Problem requirements =>
Give back only the lines in the records below from the one with "w/ Medicine Cabinet" to the one with "Puppy Cotton Canvas Tote Bag", both inclusive, word for word.

(Records contained in a dataset)
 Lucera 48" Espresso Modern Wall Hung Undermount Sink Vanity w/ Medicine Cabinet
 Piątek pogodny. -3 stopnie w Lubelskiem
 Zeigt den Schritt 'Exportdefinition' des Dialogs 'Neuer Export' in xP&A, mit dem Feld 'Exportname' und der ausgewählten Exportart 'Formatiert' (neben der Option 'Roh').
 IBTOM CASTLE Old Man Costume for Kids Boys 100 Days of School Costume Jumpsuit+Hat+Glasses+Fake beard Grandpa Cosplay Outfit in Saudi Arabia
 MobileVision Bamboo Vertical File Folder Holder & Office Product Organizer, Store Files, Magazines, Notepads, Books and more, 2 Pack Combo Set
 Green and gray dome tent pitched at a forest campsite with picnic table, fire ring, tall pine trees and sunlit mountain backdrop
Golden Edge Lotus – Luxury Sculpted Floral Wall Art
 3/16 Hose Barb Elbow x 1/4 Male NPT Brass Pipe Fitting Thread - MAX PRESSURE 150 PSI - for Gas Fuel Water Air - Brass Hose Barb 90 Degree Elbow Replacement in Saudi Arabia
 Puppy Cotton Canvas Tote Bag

---

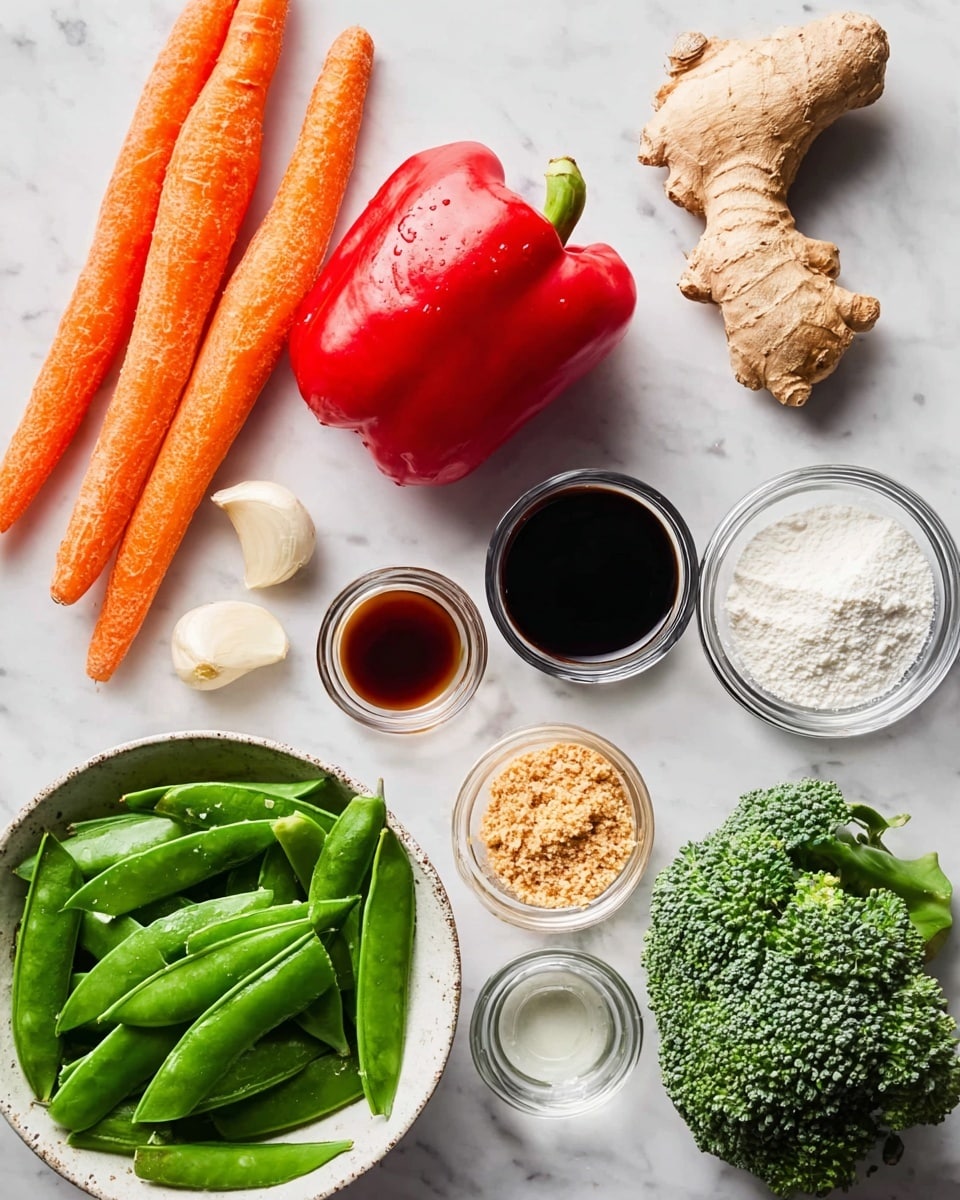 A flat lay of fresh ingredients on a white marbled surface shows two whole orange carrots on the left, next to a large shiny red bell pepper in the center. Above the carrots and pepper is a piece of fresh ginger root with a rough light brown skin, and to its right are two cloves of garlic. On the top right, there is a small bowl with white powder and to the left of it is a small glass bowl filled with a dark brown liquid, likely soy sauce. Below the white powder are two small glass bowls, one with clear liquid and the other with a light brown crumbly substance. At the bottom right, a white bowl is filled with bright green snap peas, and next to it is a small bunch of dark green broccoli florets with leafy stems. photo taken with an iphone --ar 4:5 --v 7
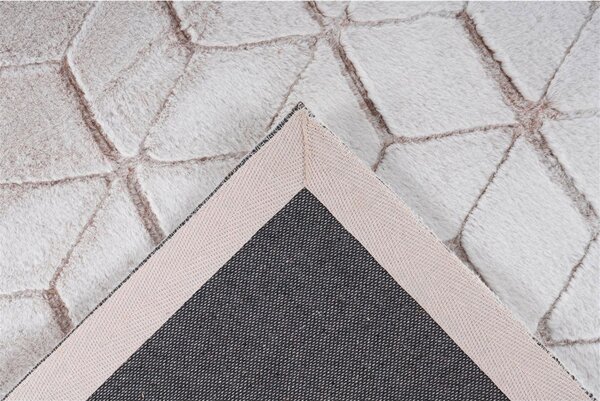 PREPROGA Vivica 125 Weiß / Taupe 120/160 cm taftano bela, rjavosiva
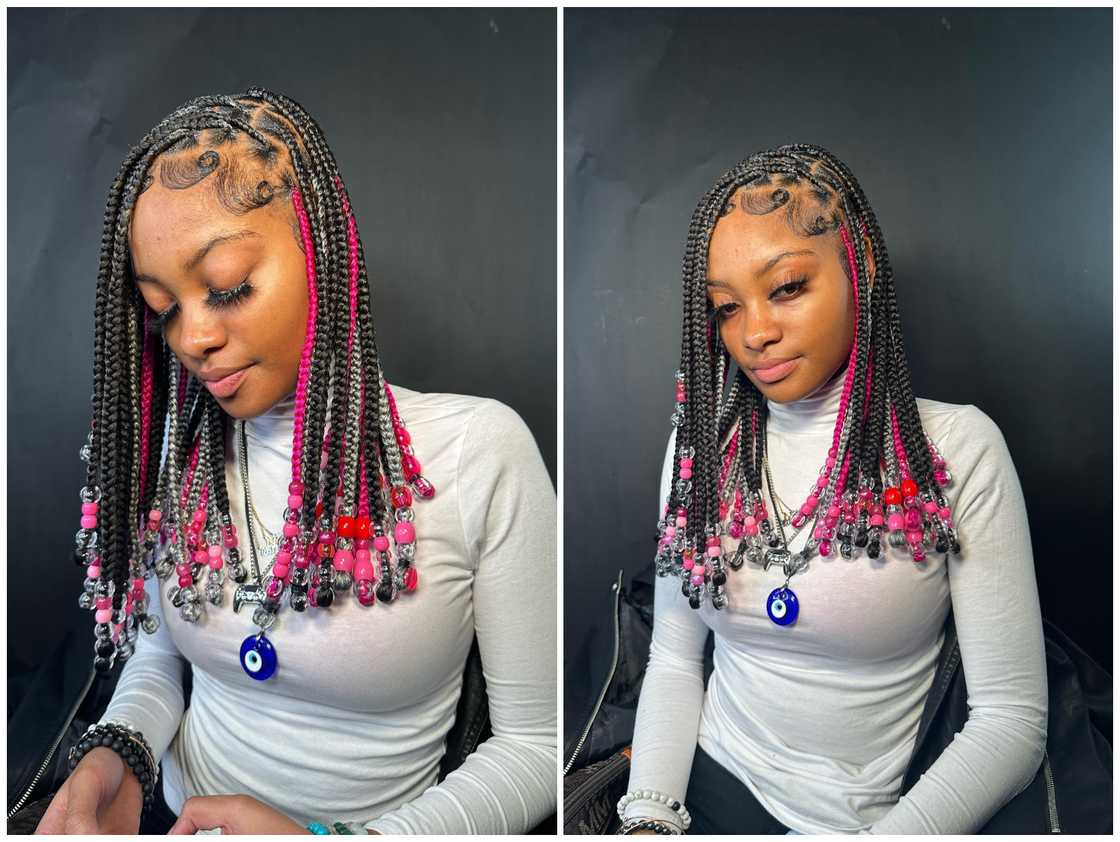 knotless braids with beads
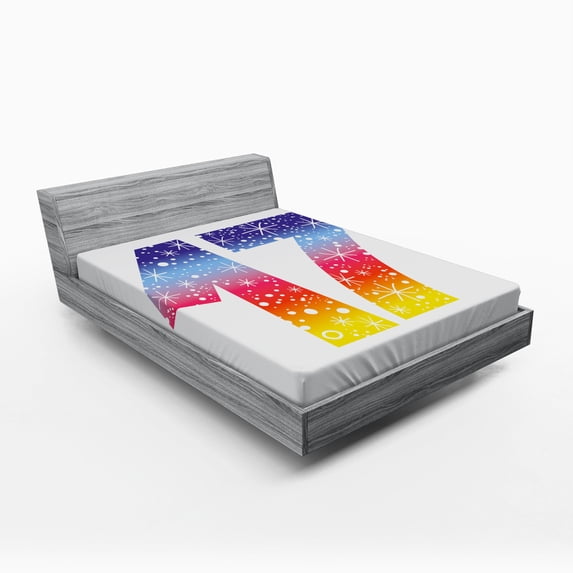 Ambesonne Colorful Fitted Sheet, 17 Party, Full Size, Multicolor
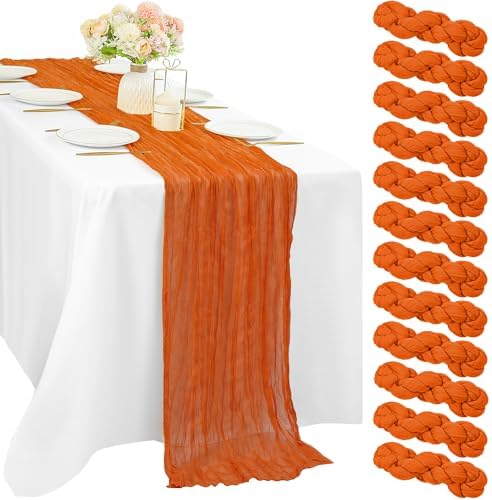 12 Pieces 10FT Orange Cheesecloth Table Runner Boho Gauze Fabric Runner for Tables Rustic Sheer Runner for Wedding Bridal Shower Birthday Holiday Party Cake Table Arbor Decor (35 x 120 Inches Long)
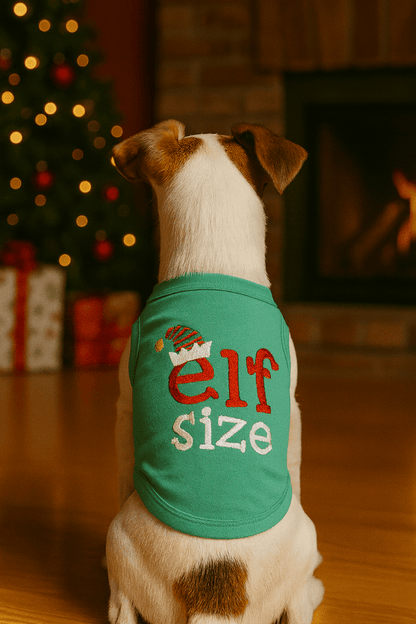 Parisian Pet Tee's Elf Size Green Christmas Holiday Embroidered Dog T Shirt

Answer space =>
 Lucera 48" Espresso Modern Wall Hung Undermount Sink Vanity w/ Medicine Cabinet
 Piątek pogodny. -3 stopnie w Lubelskiem
 Zeigt den Schritt 'Exportdefinition' des Dialogs 'Neuer Export' in xP&A, mit dem Feld 'Exportname' und der ausgewählten Exportart 'Formatiert' (neben der Option 'Roh').
 IBTOM CASTLE Old Man Costume for Kids Boys 100 Days of School Costume Jumpsuit+Hat+Glasses+Fake beard Grandpa Cosplay Outfit in Saudi Arabia
 MobileVision Bamboo Vertical File Folder Holder & Office Product Organizer, Store Files, Magazines, Notepads, Books and more, 2 Pack Combo Set
 Green and gray dome tent pitched at a forest campsite with picnic table, fire ring, tall pine trees and sunlit mountain backdrop
Golden Edge Lotus – Luxury Sculpted Floral Wall Art
 3/16 Hose Barb Elbow x 1/4 Male NPT Brass Pipe Fitting Thread - MAX PRESSURE 150 PSI - for Gas Fuel Water Air - Brass Hose Barb 90 Degree Elbow Replacement in Saudi Arabia
 Puppy Cotton Canvas Tote Bag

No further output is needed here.